• Records to use:
* * * * * * *
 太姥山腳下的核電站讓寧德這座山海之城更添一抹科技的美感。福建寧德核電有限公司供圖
* * * * * * *
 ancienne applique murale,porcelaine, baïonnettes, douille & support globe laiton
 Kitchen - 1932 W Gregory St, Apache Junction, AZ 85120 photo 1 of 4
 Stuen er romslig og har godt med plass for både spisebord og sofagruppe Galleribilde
* * * * * * *
Write down again, exactly as given, only the lines above that fall from the line with "ancienne applique murale,porcelaine, baïonnettes, douille" to the line with "Stuen er romslig", inclusive.

 ancienne applique murale,porcelaine, baïonnettes, douille & support globe laiton
 Kitchen - 1932 W Gregory St, Apache Junction, AZ 85120 photo 1 of 4
 Stuen er romslig og har godt med plass for både spisebord og sofagruppe Galleribilde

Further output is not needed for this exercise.